Data records:
Content starts
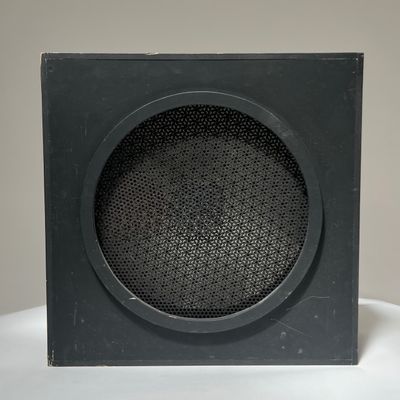 a black speaker sitting on top of a white table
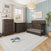 A Child Craft Redmond 4 Piece Nursery Set with Crib, Dresser with Changing Tray and Chest in dark wood, set on a light patterned rug with a whale plush toy.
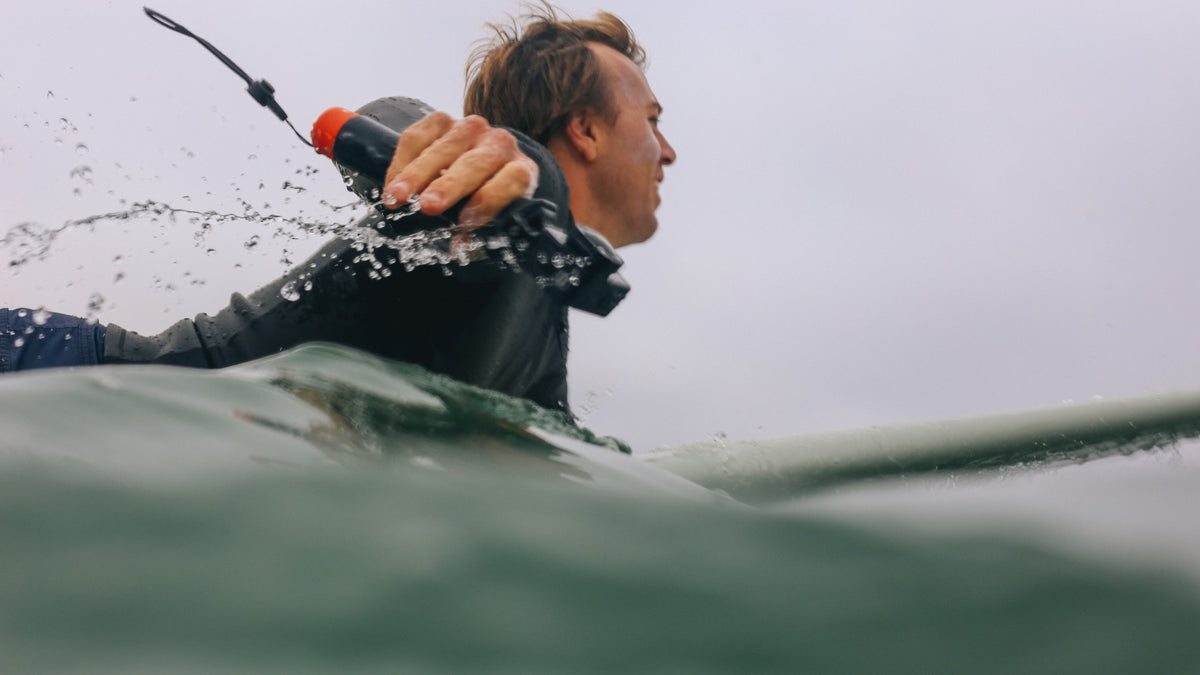 Surfer paddling with GoPro The Handler
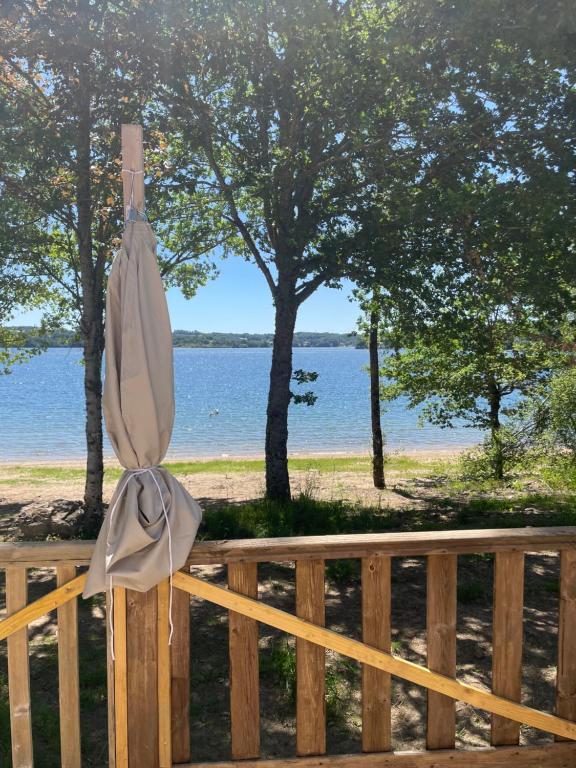 a closed umbrella sitting on a wooden fence near the water at Chez Elisa et Fabien in Canet-de-Salars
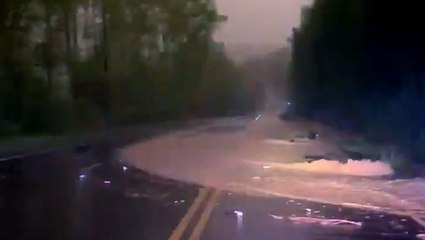 Flooding spills into this road in midst of heavy downpour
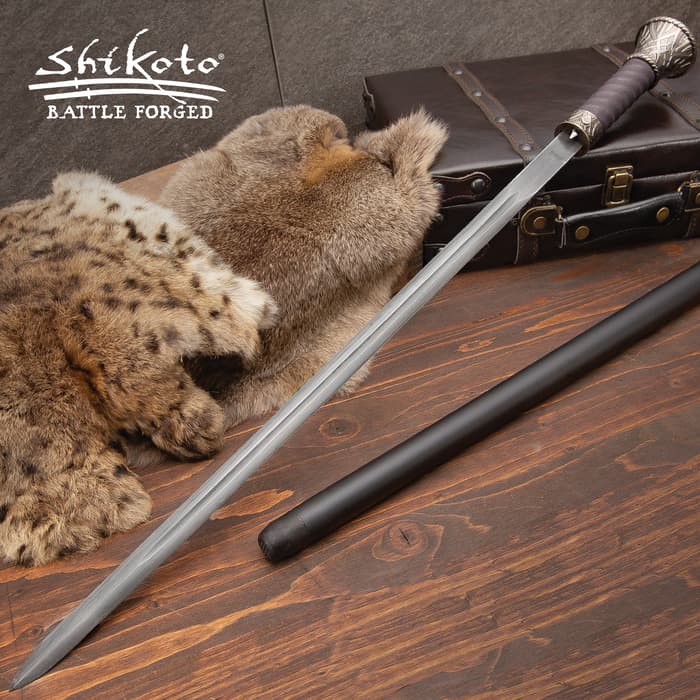 Shikoto sword cane with leather handle and Damascus steel blade shown atop a leather case, next to animal skins. 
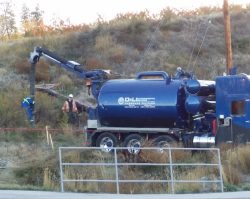 D&L hydrovac crew digging on a roadside slope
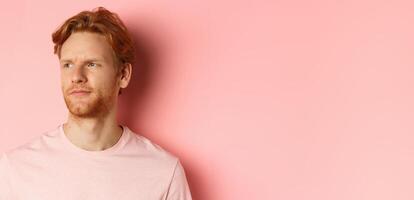 Close up of skeptical and unamused european man, smirk with judgemental face, looking left at banner, standing over pink background photo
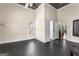 Bright room with dark vinyl floors and natural light, creating an airy feel at 2354 Hamilton St, Hampton, GA 30228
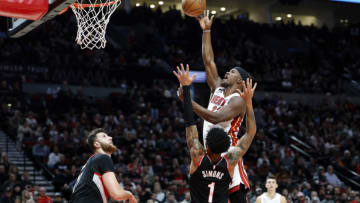 Miami Heat small forward Jimmy Butler (22) shoots the ball against Portland Trail Blazers shooting guard Anfernee Simons (1) (Soobum Im-USA TODAY Sports)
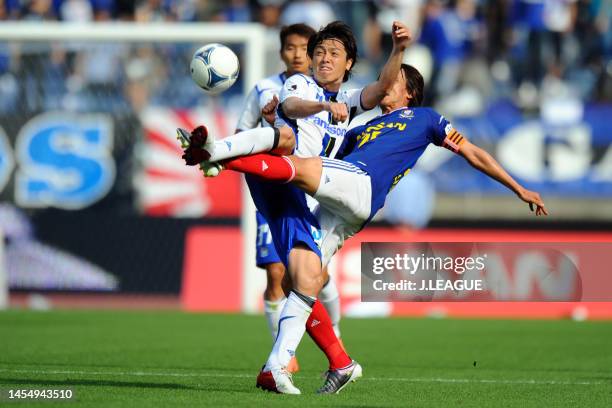 Yasuhito Endo of Gamba Osaka and Shunsuke Nakamura of Yokohama F.Marinos compete for the ball during the J.League J1 match between Yokohama F.Marinos...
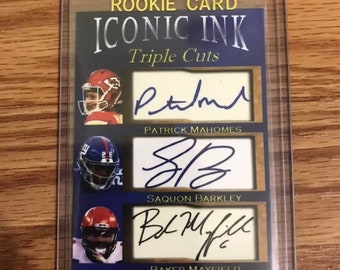 Puede incluir: Una tarjeta de novato azul y dorada con el título "Iconic Ink Triple Cuts" y tres firmas: Patrick Mahomes, Saquon Barkley y Baker Mayfield.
Content ends
— Assigned task —
Write back word for word every line in the entries above from the one with "A Child Craft" to the one with "Surfer paddling with GoPro The Handler", ends included, and none of the pictures.

— Solution below —
 A Child Craft Redmond 4 Piece Nursery Set with Crib, Dresser with Changing Tray and Chest in dark wood, set on a light patterned rug with a whale plush toy.
 Surfer paddling with GoPro The Handler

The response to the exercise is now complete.